**WHAT YOU NEED TO DO**
Output all of the lines below exactly, and leave out each image.

**EXERCISE DATA**
————
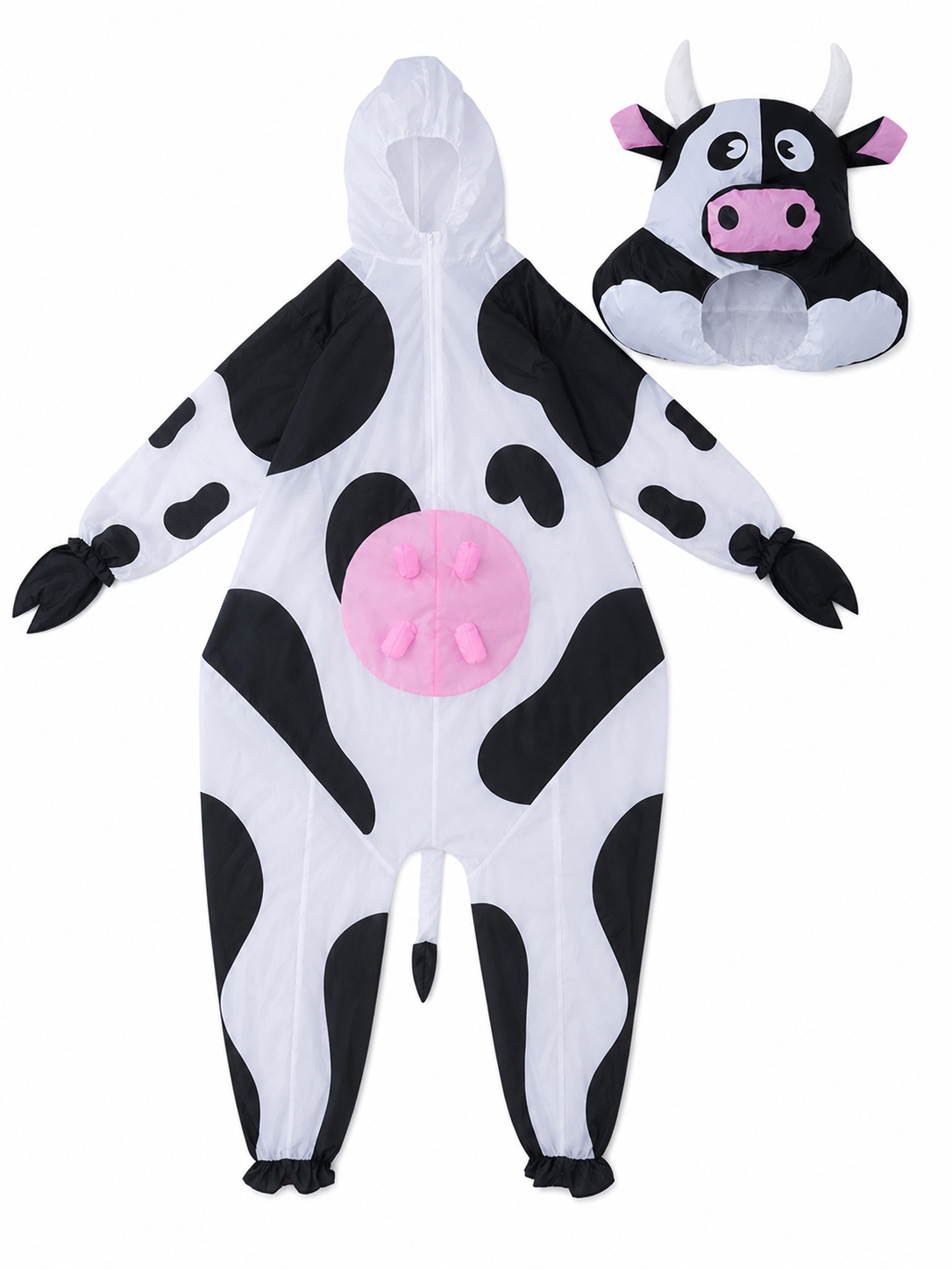 One-Piece Cow Costume with Hood for Halloween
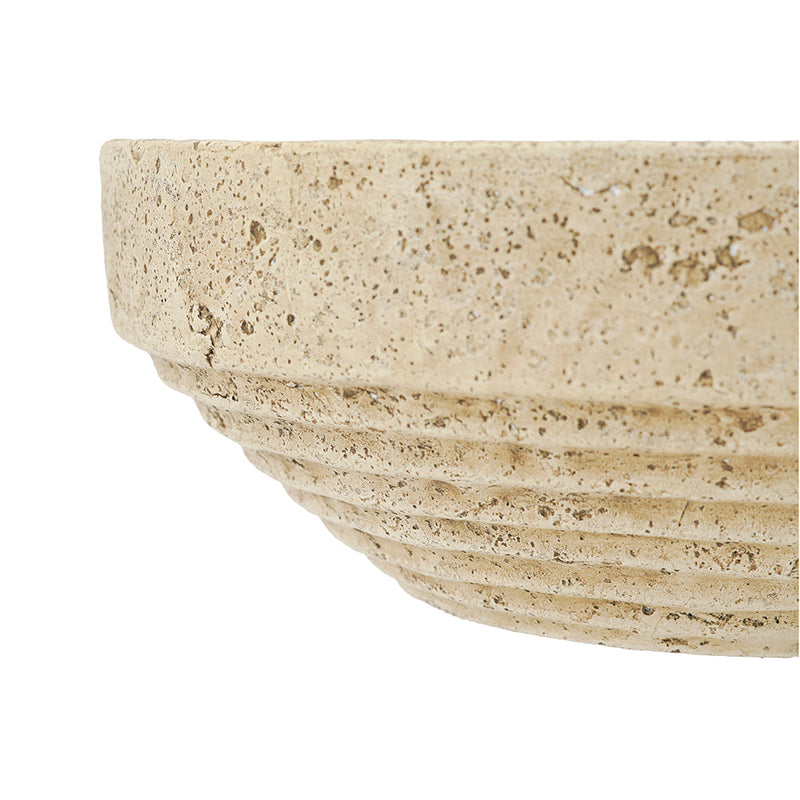 Cement Ribbed Decorative Bowl with Tiered Base - Cement, photo 5 of 6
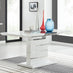 Renato 120cm High Gloss Extending Dining Table and 4 Navy Pesaro Silver Leg Chairs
————
**TASK RESULT**
 One-Piece Cow Costume with Hood for Halloween
 Cement Ribbed Decorative Bowl with Tiered Base - Cement, photo 5 of 6
 Renato 120cm High Gloss Extending Dining Table and 4 Navy Pesaro Silver Leg Chairs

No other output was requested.